Exercise objective:
In the entries that follow, find the line containing "This is Susan" and the line containing "If you're using", then retype exactly the lines from the first through the second, pictures excluded.

Data under study:
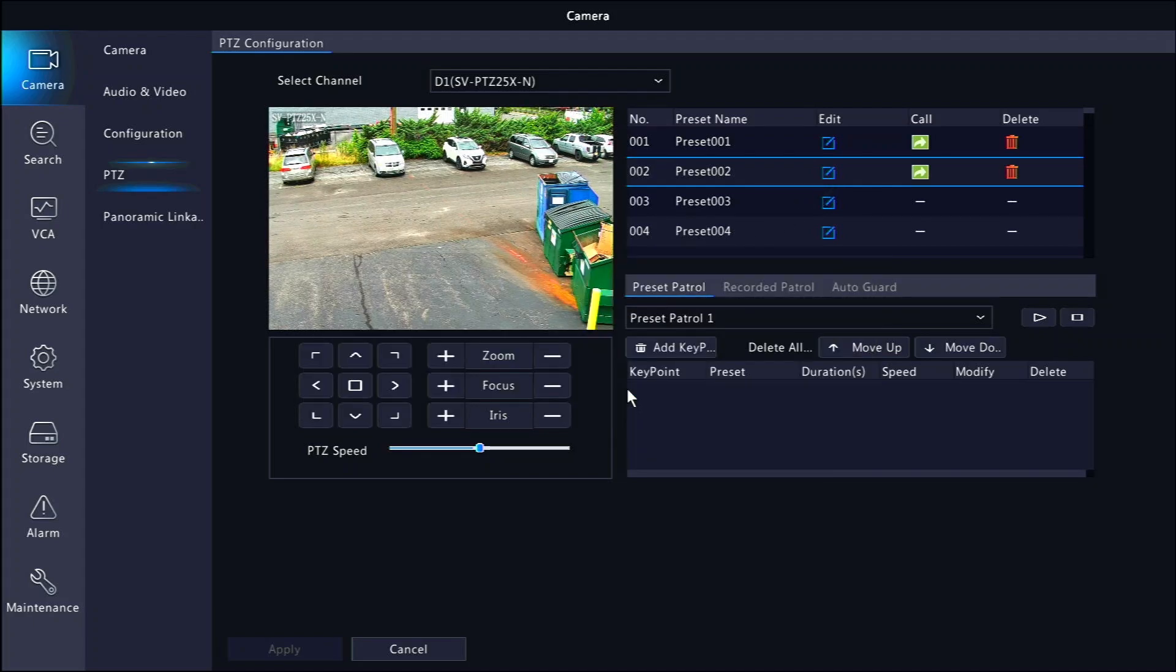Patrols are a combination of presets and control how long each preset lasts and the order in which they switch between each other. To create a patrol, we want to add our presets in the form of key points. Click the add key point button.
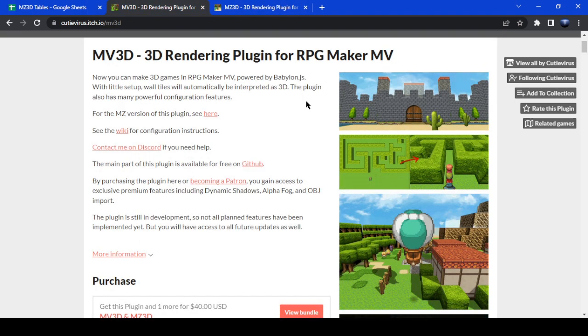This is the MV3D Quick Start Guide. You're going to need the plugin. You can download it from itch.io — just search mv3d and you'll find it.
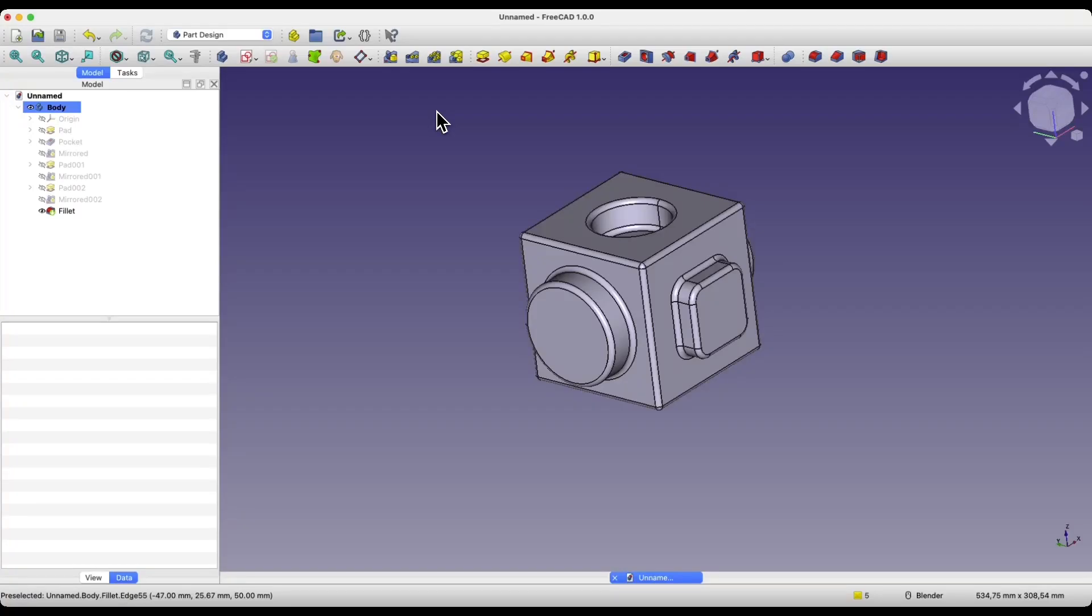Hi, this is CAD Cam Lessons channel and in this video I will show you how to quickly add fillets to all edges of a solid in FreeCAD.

---

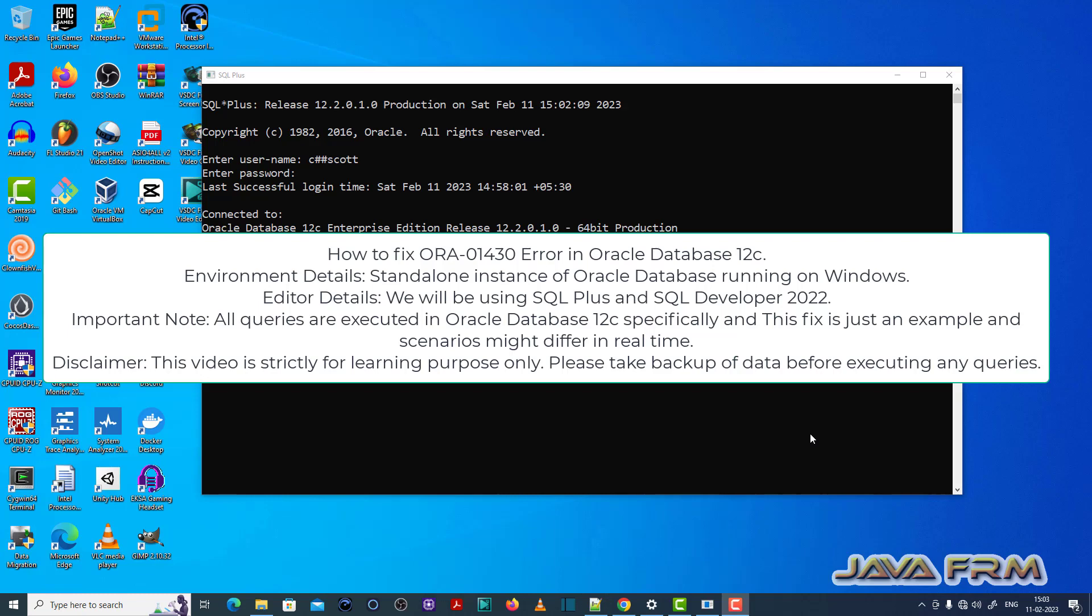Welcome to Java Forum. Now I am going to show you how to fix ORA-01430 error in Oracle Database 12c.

...

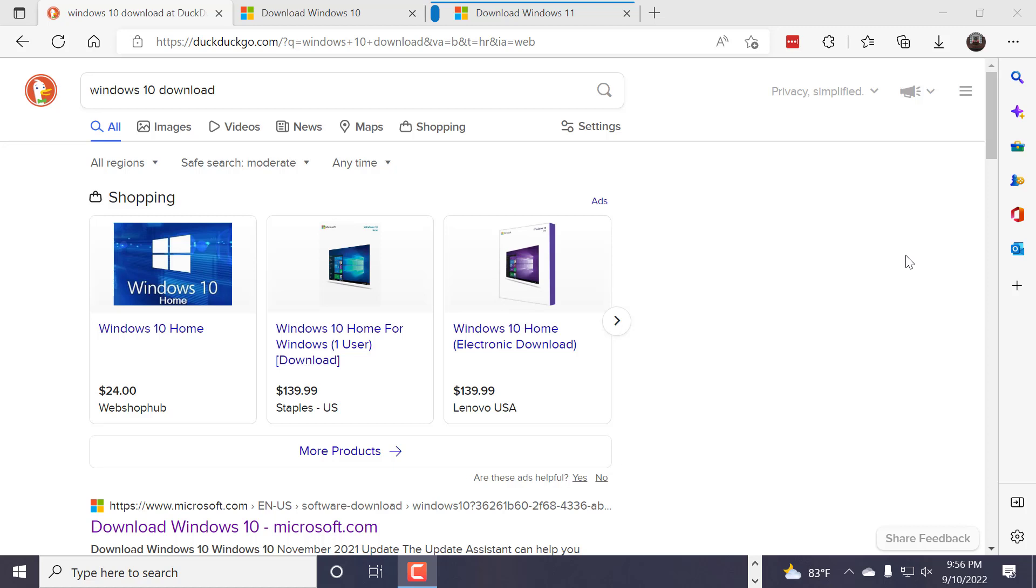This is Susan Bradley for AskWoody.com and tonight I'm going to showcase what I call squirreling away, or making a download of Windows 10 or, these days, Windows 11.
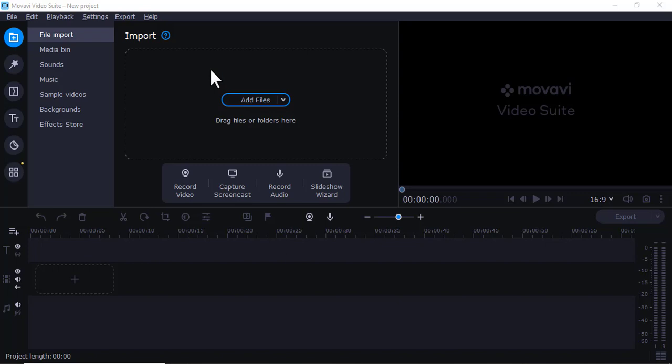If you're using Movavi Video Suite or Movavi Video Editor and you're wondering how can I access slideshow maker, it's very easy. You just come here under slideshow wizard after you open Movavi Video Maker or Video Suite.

Exercise result:
This is Susan Bradley for AskWoody.com and tonight I'm going to showcase what I call squirreling away, or making a download of Windows 10 or, these days, Windows 11.
If you're using Movavi Video Suite or Movavi Video Editor and you're wondering how can I access slideshow maker, it's very easy. You just come here under slideshow wizard after you open Movavi Video Maker or Video Suite.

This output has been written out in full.